> _DATASET CONTENT_
· · · · ·
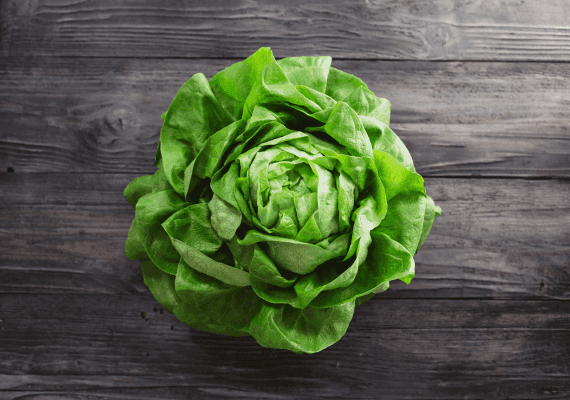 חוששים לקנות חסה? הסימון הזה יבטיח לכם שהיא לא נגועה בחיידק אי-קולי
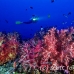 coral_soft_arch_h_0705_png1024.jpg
· · · · ·
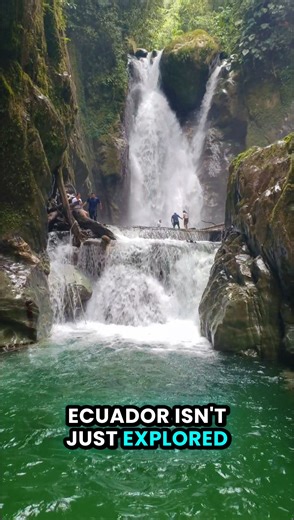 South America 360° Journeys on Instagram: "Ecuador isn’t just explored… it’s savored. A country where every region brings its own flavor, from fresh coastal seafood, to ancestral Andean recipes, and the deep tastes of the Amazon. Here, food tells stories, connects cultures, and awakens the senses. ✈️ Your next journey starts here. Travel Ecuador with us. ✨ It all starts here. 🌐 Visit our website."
· · · · ·
> _DIRECTIONS FOR THIS TASK_
Transcribe only the lines above that start at the line containing "חוששים לקנות חסה?" and end at the line containing "coral_soft_arch_h_0705_png1024.jpg". Omit pictures.

> _EXERCISE RESULT_
 חוששים לקנות חסה? הסימון הזה יבטיח לכם שהיא לא נגועה בחיידק אי-קולי
 coral_soft_arch_h_0705_png1024.jpg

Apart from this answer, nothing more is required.